Она швыряет туфлю и скачет в ванную.
Наримантас услышал уже не скорбные стоны — хлюпанье воды, ритмичное молодое дыхание — и ошеломленно молчит.
— Хватит, хватит, — себе, не Дангуоле говорит он, опомнившись и, только еще собираясь идти, озираясь в поисках портфеля, слышит уже свои шаги в тумане — неужели это он двинулся? — в ушах хорошо знакомое гулкое эхо, отраженный белыми стенами больницы перестук каблуков — который год раздается он, когда шагает Наримантас по неизменному маршруту..
«Нравственный закон внутри нас…»
Послесловие Е. Книпович
В последние годы в советской литературе и в в литературах стран социалистического содружества гораздо чаще, чем прежде, появляются книги, в основе которых лежат раздумья о том, что определяет личную человеческую судьбу и в связи с этим — «на чем стоит мир», что такое доброта, совесть, как такие категории соотносятся с социальной функцией человека.
Произведения такого рода чаще всего обращаются к прошлому — недавнему (в рамках истории), военному или «раннепослевоенному» — времени жестких, обнаженных социальных конфликтов («Живи и помни» В. Распутина, «Это я — Титас» Р. Шавялиса).
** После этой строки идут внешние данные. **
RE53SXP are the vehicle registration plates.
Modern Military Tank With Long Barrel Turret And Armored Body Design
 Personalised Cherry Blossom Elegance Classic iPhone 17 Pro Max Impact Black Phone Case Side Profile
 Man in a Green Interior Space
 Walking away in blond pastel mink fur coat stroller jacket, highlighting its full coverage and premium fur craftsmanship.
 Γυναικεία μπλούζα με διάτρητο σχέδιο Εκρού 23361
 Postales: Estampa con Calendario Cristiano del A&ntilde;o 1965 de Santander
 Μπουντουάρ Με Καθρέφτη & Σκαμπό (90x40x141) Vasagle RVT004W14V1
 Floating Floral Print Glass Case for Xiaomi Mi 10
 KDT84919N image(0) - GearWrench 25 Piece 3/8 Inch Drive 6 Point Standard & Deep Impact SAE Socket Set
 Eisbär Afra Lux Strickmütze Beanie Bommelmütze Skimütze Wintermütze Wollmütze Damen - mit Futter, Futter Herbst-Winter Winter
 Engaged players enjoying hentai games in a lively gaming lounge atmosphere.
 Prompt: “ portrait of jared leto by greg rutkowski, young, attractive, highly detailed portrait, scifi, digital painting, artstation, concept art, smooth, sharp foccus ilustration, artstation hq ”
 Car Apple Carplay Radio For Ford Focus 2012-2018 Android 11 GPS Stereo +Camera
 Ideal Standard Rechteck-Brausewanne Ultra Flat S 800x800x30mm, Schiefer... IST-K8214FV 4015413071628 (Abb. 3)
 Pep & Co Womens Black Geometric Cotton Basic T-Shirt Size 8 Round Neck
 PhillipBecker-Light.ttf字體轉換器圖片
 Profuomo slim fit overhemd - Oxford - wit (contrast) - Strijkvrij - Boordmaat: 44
Но нередко это книги о сегодняшнем дне, например, два романа Гюнтера де Бройна «Буриданов осел» и «Присуждение премии».
Будь то книги о «вчера» или о «сегодня», они целиком обращены к «сегодня», и автор не как паталогоанатом, а как биолог и физиолог стремится постичь «нервную систему» человеческих характеров и отношений, живую глубинную связь, подспудную взаимозависимость человеческих судеб.
К произведениям такого типа принадлежит роман Миколаса Слуцкиса «На исходе дня», следующее звено в той цепи исследований всей сегодняшней сложности связей человека и времени, которую начали романы «Адамово яблоко», «Жажда» и ряд рассказов.